Shakespeare in the Arb promises to be different this year with one of Shakespeare’s weirdest and darkest plays, according to junior and director Andrew Kennedy.
The annual performance will be held at 2 p.m. this Saturday and Sunday. The play is being held in the Mauck Solarium instead of the Slayton Arboretum, due to weather concerns. Shakespeare’s “Measure for Measure” is the story of a woman about to become a nun, who plots to trap the temporary leader of Vienna in a marriage with a different woman to avoid prostituting herself to him, and to save her brother.
“It’s probably one of the few chances people will have to see it, because it’s very dark and weird,” Kennedy said. “It’s not at all what people expect from Shakespeare if you’ve read Hamlet or Romeo and Juliet.”
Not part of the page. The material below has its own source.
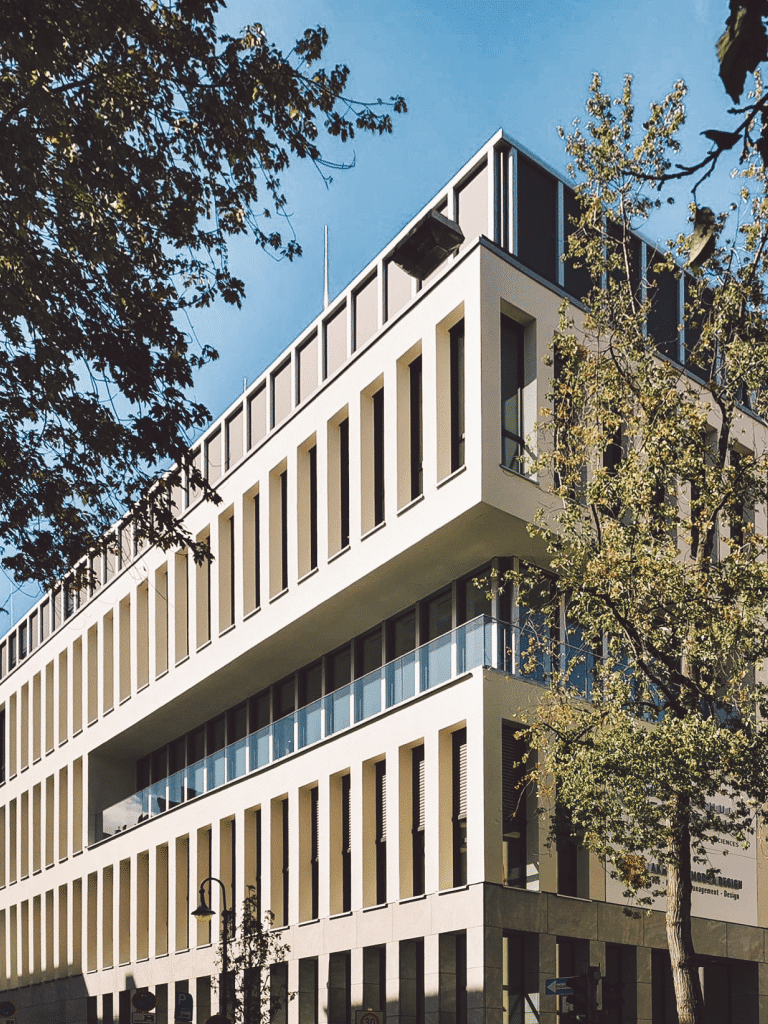 Hochschule Fresenius - Praxisnah und Modern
Kennedy said he had read “Measure for Measure” years ago and hated it, but for some reason, it stuck with him all last year. Once he took on “the mantle of directing,” he decided he would do the play and figure out why it made such an impression on him.
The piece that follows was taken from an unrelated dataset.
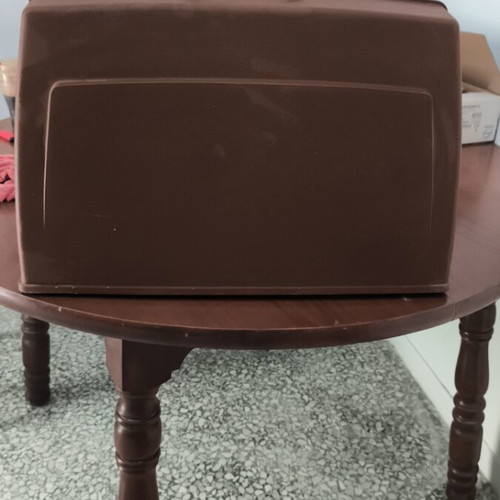 Singer sewing machine like new with case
“I’m glad I did because I’ve discovered a lot about it that I would not have taken the time to otherwise,” Kennedy said. “It has a lot of depth especially – there’s a wealth of scriptural allusions and exploration of the nature of religious and political authority: what each can do, what they can’t do. It’s a good play.”
Sophomore Kirby Thigpen is playing Mariana, a woman betrothed to Vienna’s temporary leader Lord Angelo. She said despite rushed rehearsals and scheduling conflicts, the production is going well.
“I hope that everyone who sees it walks away both having enjoyed it and having interacted with some unique themes and ideas,” Thigpen said in an email.
Kennedy said the actors bring the play to life.
“Bringing that process to the stage brings them to life in a way that reading never can,” Kennedy said, “and you see the humanity of the characters, in both their weirdness and their darkness but in their brightness too. That’s the thing that the actors bring to the table that you don’t really get reading it for a class.”
He said nothing done for Shakespeare in the Arb is as complex or obscure as the coming performance, and he said he hopes viewers will be “confused and a little uncomfortable.”
“There’s something about this play in its grittiness and weirdness that I think touches on something that everybody experiences but doesn’t like to think about too much,” he said. “This sort of insatiable desire for power and control or passion, lust, things like that, tend to simmer below the surface. But in this play, they are on full display, and I think that’s an important thing to experience in art.”